Ella smacks him in the shoulder. “No decorum-having ass.” She turns to us both. “I’m the only one with an ounce of intelligence in this group, so you can talk to me.”
“She got about as much smarts as she does hair,” Michael mocks.
“Two scoops,” Tony echoes.
Ella flips them both off without looking their way. She asks Dani what we’re looking for and when Dani tells her, she holds her finger up to her lips and pulls out her phone.
A woman with a raspy voice answers Ella’s call on the second ring. “What you want, Ella Reese?”
She gives us a sympathetic smile. “Auntie, you know anything about some kind of deathbed scavenger hunt Tanya set up? I got two people who say Tanya sent them.”
The woman is silent on the line. She’s silent for so long that Ella checks to see if she hung up. “Auntie?” Ella goads.
“Tomorrow morning.

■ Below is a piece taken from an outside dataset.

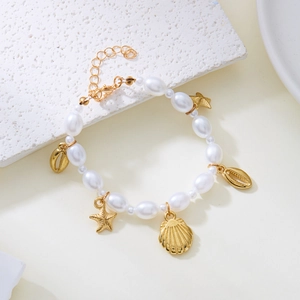 Detail of bohemian pearl bracelet with gold starfish and shell pendants on textured stone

Tell them to come see me,” the woman says before hanging up.
Dani and I share a look of horror. What the hell has Tanya gotten us into?
Chapter Thirteen
Dani
MY STOMACH IS IN MY ASS WHENELLA PICKS US UPfrom the hotel the next morning to take us to see “Auntie Joyce,” who didn’t sound happy when Ella called last night.
Ella pulls up to a quaint ranch-style home with a white vinyl exterior and a dark green roof. I wonder how much time Tanya spent at this house. There isn’t a single detail, at least on the outside, that looks like she had a hand in it. She gave Victor a glass-covered rose just to give his office a fraction of light; her touch is nowhere to be found on this house. Is that because of her or because of the family member living here? Ella shuts her engine off and looks to me in the passenger seat and Micah in the back seat as if she’s sending us to our deaths.
“We’re here. Everything’s gonna be fine, just … don’t look her in the eye when you meet her, okay? She doesn’t like that.”
“What?!” I shiver.
She holds her stomach as a loud laugh bursts from her mouth. “I’m just playin’. You just seemed so nervous, I had to. Come on.”
Damnit, Ella.
She doesn’t knock before walking into the house. She leads us past the living room, which is filled with furniture that seems like it’s been well-loved for generations, and into the brightly lit kitchen, where the scent of maple syrup permeates the air. Still no sign of Tanya’s presence anywhere.
Who I assume to be Auntie Joyce sits in a chair next to the kitchen window, staring out with a lit cigarette hanging from her fingertips.
“Hey, Auntie, here they are, as requested.”
She doesn’t turn to look at us, but the sound of children’s laughter streams through the window, drawing Ella’s attention. “I’ll go check on them.” As she slowly backs out of the kitchen, she mouths the words “Don’t look her in the eye” to me, prompting me to flash her my middle finger.
“Come sit,” Auntie Joyce’s voice booms throughout the kitchen.
There’s one chair opposite her at the kitchen window and more at the table right behind her. I silently plead with Micah, so he takes the chair opposite her, but of course the moment I sit down, her head shoots in my direction.
Auntie Joyce has a short black fro with streaks of silver throughout. Her cheeks are soft where her eyes are hard. One of her eyes has more wrinkles beneath it than the other, which somehow makes her look more endearing than intimidating.
She holds her hand out to touch my face, but only briefly, before doing the same to Micah. “So, you’re Tanya’s kids,” she says, matter-of-factly.
My chin wobbles as Micah holds his head up high. “Yes,” we say in unison.
She takes a puff from her cigarette, blowing the smoke out the window, then she puts it out in the ashtray sitting on the windowsill. “I wasn’t sure when you’d make it here. You were the other shoe I was waiting to drop.”
She tells us that Tanya revealed her diagnosis and said we’d be visiting sometime after she passed. Joyce is a great-aunt to some and a cousin to others, but everyone in the family just calls her Auntie, though being one of the sisters to Tanya’s father makes her Tanya’s actual aunt. To have lost your brother so long ago is already a monumental pain. But to then have to secretly carry around the knowledge that you were also going to outlive the only living legacy of that brother is a burden I never wish to know.
No wonder she sounded so upset on the phone. She’s been waiting for us much longer than we knew.
“Come on, let’s take a walk.” She turns to yell out the window. “Ella, I’ll be back. Don’t be letting them run in and out the house.”